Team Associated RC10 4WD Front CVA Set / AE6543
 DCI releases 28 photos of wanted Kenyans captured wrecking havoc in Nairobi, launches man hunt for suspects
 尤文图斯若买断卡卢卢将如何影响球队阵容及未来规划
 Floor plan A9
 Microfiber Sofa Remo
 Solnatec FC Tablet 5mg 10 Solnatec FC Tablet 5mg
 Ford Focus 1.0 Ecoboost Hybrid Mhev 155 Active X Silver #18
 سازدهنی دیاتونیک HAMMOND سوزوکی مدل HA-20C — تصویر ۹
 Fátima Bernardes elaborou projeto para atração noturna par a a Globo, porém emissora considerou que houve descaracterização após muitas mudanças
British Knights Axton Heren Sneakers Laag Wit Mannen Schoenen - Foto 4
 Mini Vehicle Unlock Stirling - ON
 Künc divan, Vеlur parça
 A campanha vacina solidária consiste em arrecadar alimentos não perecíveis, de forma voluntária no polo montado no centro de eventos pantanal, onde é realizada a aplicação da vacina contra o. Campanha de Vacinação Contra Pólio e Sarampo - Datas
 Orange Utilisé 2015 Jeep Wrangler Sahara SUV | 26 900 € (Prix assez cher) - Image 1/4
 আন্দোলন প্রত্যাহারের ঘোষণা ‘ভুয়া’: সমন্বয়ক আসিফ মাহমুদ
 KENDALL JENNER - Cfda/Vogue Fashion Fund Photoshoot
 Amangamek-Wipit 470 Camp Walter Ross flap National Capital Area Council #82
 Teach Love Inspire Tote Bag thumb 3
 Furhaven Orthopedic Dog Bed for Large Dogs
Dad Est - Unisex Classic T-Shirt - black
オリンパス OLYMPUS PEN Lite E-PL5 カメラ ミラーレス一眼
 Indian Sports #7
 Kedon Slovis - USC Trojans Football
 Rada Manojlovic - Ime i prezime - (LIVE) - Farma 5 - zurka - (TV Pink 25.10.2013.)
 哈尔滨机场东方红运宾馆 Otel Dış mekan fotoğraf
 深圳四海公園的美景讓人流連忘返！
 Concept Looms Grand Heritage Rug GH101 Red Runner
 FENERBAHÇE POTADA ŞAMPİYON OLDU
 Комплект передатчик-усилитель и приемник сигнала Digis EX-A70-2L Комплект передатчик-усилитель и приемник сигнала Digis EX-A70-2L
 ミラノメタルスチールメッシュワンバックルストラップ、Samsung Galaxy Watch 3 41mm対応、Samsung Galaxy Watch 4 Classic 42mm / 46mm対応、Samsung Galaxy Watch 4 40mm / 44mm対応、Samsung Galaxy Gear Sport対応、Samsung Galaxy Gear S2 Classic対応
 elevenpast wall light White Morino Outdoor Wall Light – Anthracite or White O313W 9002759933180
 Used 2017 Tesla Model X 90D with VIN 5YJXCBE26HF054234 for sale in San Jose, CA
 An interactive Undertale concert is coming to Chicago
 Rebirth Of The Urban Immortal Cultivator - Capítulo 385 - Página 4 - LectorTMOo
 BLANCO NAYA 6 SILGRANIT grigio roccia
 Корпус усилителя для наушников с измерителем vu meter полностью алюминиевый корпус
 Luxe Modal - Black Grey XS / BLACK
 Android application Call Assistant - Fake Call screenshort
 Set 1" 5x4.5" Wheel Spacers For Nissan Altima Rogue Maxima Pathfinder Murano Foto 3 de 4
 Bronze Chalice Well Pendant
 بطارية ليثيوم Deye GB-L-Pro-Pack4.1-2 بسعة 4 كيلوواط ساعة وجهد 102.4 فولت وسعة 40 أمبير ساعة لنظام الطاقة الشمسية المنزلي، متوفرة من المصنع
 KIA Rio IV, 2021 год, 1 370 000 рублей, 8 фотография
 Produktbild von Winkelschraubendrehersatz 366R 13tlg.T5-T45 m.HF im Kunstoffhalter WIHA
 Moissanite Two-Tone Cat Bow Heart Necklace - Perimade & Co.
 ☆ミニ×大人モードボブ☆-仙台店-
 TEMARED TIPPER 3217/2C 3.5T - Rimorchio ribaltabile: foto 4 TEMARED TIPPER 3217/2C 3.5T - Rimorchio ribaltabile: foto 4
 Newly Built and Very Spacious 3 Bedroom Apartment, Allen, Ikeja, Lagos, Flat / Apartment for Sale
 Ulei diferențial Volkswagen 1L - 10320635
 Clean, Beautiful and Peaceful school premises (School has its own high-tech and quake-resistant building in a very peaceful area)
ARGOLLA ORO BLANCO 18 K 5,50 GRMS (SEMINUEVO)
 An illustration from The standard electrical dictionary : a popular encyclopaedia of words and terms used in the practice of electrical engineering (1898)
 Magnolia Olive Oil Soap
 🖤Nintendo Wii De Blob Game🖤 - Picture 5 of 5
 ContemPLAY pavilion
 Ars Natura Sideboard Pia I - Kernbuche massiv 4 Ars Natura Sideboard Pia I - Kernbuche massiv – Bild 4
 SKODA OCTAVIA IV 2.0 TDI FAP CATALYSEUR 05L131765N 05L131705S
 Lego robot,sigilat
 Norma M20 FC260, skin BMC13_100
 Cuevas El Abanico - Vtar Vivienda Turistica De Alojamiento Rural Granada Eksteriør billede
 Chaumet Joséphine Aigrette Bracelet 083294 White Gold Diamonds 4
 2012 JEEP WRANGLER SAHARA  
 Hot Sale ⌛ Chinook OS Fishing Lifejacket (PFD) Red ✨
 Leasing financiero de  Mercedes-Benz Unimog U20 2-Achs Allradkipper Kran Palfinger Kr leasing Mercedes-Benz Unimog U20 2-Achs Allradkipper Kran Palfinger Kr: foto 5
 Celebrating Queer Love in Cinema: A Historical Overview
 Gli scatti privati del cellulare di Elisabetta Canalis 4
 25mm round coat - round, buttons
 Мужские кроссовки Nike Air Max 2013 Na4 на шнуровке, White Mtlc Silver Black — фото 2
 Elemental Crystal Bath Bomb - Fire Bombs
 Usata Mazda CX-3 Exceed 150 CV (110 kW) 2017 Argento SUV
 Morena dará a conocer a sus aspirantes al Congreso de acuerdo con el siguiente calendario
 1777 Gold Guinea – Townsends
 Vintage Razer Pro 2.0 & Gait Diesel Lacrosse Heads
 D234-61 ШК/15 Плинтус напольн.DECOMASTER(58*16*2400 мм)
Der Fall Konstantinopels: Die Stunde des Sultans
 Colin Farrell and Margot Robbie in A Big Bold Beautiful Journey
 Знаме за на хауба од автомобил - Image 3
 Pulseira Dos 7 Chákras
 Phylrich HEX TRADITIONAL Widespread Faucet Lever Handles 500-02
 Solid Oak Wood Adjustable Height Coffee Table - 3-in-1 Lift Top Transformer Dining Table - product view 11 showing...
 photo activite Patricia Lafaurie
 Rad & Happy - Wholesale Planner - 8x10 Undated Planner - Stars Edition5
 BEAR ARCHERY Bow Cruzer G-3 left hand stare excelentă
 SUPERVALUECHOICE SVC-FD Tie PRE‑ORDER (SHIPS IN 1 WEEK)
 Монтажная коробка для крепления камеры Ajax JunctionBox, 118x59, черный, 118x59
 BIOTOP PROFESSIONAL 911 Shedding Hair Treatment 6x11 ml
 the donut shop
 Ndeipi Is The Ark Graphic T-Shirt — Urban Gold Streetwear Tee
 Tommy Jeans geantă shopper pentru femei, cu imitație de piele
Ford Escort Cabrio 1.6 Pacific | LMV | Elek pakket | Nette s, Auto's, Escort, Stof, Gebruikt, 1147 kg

☆ ☆ ☆ ☆

▶ **The problem**
Whenever a line in the data above contains the word "BLANCO", include it in the tally, and report only the final number.

▶ **Problem solution**
2